**Activity:**
Retype each entry below precisely as it reads.

**Source records:**
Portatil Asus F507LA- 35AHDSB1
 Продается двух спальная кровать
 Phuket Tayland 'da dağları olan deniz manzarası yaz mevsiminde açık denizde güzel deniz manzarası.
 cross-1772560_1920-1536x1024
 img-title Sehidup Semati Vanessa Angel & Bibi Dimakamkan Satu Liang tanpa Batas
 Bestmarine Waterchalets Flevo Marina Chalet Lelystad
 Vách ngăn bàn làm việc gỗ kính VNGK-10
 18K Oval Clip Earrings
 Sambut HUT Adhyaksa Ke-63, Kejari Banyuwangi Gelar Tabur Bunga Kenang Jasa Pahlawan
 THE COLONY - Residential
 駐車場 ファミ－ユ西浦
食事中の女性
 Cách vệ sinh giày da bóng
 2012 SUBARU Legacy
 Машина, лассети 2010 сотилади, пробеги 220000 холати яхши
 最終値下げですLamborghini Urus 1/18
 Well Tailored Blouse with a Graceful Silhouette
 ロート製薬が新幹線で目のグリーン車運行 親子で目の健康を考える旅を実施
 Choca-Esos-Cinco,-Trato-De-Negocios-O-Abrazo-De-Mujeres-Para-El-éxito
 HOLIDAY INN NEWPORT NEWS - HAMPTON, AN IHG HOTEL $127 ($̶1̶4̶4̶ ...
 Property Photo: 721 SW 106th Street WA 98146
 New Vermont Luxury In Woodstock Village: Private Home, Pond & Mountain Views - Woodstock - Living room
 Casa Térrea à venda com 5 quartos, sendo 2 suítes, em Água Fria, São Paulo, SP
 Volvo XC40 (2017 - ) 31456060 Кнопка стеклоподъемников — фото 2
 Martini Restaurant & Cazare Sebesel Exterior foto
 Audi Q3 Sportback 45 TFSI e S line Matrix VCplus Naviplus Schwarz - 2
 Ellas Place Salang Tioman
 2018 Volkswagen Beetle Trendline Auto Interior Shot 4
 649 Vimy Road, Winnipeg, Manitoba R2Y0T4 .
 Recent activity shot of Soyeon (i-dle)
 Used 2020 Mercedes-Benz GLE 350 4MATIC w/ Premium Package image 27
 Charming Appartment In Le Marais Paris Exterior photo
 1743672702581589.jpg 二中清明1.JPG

**Exercise output:**
Portatil Asus F507LA- 35AHDSB1
 Продается двух спальная кровать
 Phuket Tayland 'da dağları olan deniz manzarası yaz mevsiminde açık denizde güzel deniz manzarası.
 cross-1772560_1920-1536x1024
 img-title Sehidup Semati Vanessa Angel & Bibi Dimakamkan Satu Liang tanpa Batas
 Bestmarine Waterchalets Flevo Marina Chalet Lelystad
 Vách ngăn bàn làm việc gỗ kính VNGK-10
 18K Oval Clip Earrings
 Sambut HUT Adhyaksa Ke-63, Kejari Banyuwangi Gelar Tabur Bunga Kenang Jasa Pahlawan
 THE COLONY - Residential
 駐車場 ファミ－ユ西浦
食事中の女性
 Cách vệ sinh giày da bóng
 2012 SUBARU Legacy
 Машина, лассети 2010 сотилади, пробеги 220000 холати яхши
 最終値下げですLamborghini Urus 1/18
 Well Tailored Blouse with a Graceful Silhouette
 ロート製薬が新幹線で目のグリーン車運行 親子で目の健康を考える旅を実施
 Choca-Esos-Cinco,-Trato-De-Negocios-O-Abrazo-De-Mujeres-Para-El-éxito
 HOLIDAY INN NEWPORT NEWS - HAMPTON, AN IHG HOTEL $127 ($̶1̶4̶4̶ ...
 Property Photo: 721 SW 106th Street WA 98146
 New Vermont Luxury In Woodstock Village: Private Home, Pond & Mountain Views - Woodstock - Living room
 Casa Térrea à venda com 5 quartos, sendo 2 suítes, em Água Fria, São Paulo, SP
 Volvo XC40 (2017 - ) 31456060 Кнопка стеклоподъемников — фото 2
 Martini Restaurant & Cazare Sebesel Exterior foto
 Audi Q3 Sportback 45 TFSI e S line Matrix VCplus Naviplus Schwarz - 2
 Ellas Place Salang Tioman
 2018 Volkswagen Beetle Trendline Auto Interior Shot 4
 649 Vimy Road, Winnipeg, Manitoba R2Y0T4 .
 Recent activity shot of Soyeon (i-dle)
 Used 2020 Mercedes-Benz GLE 350 4MATIC w/ Premium Package image 27
 Charming Appartment In Le Marais Paris Exterior photo
 1743672702581589.jpg 二中清明1.JPG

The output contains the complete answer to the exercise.